I'm using Python dataclasses with inheritance and I would like to make an inherited abstract property into a required constructor argument. Using an inherited abstract property as a optional constructor argument works as expected, but I've been having real trouble making the argument required.

Below is a minimal working example, test_1() fails with TypeError: Can't instantiate abstract class Child1 with abstract methods inherited_attribute, test_2() fails with AttributeError: can't set attribute, and test_3() works as promised.

Does anyone know a way I can achieve this behavior while still using dataclasses?

import abc
import dataclasses

@dataclasses.dataclass
class Parent(abc.ABC):

    @property
    @abc.abstractmethod
    def inherited_attribute(self) -> int:
        pass

@dataclasses.dataclass
class Child1(Parent):
    inherited_attribute: int

@dataclasses.dataclass
class Child2(Parent):
    inherited_attribute: int = dataclasses.field()

@dataclasses.dataclass
class Child3(Parent):
    inherited_attribute: int = None

def test_1():
    Child1(42)

def test_2():
    Child2(42)

def test_3():
    Child3(42)

Roy Smart
  • 664
  • 4
  • 12

3 Answers3

2

So, the thing is, you declared an abstract property.

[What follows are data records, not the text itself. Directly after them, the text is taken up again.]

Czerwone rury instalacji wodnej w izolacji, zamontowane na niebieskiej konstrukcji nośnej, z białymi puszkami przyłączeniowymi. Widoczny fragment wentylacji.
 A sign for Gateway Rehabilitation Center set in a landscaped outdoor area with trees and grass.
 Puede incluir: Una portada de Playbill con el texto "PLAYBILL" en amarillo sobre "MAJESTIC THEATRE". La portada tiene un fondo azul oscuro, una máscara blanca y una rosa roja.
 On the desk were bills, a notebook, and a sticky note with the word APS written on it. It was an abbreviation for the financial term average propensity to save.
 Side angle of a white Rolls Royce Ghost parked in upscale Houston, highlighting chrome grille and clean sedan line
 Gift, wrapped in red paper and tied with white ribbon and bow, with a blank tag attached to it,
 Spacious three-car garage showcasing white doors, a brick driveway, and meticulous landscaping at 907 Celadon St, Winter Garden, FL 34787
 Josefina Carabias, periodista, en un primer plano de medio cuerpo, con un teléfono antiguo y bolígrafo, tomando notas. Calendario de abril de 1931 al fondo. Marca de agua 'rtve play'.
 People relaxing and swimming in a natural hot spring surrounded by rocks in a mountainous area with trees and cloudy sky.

Not an abstract constructor argument, or an abstract instance dict entry - abc has no way to specify such things.

Abstract properties are really supposed to be overridden by concrete properties, but the abc machinery will consider it overridden if there is a non-abstract entry in the subclass's class dict.

  • Your Child1 doesn't create a class dict entry for inherited_attribute - the annotation only creates an entry in the annotation dict.
  • Child2 does create an entry in the class dict, but then the dataclass machinery removes it, because it's a field with no default value. This changes the abstractness status of Child2, which is undefined behavior below Python 3.10, but Python 3.10 added abc.update_abstractmethods to support that, and dataclasses uses that function on Python 3.10.
  • Child3 creates an entry in the class dict, and since the dataclass machinery sees this entry as a default value, it leaves the entry there, so the abstract property is considered overridden.

So you've got a few courses of action here. The first is to remove the abstract property. You don't want to force your subclasses to have a property - you want your subclasses to have an accessible inherited_attribute instance attribute, and it's totally fine if this attribute is implemented as an instance dict entry. abc doesn't support that, and using an abstract property is wrong, so just document the requirement instead of trying to use abc to enforce it.

With the abstract property removed, Parent isn't actually abstract any more, and in fact doesn't really do anything, so at that point, you can just take Parent out entirely.


Option 2, if you really want to stick with the abstract property, would be to give your subclasses a concrete property, properly overriding the abstract property:

@dataclasses.dataclass
class Child(Parent):
    _hidden_field: int
    @property
    def inherited_attribute(self):
        return self._hidden_field

This would require you to give the field a different name from the attribute name you wanted, with consequences for the constructor argument names, the repr output, and anything else that cares about field names.


The third option is to get something else into the class dict to shadow the inherited_attribute name, in a way that doesn't get treated as a default value. Python 3.10 added slots support in dataclasses, so you could do

@dataclasses.dataclass(slots=True)
class Child(Parent):
    inherited_attribute: int

and the generated slot descriptor would shadow the abstract property, without being treated as a default value. However, this would not give the usual memory savings of slots, because your classes inherit from Parent, which doesn't use slots.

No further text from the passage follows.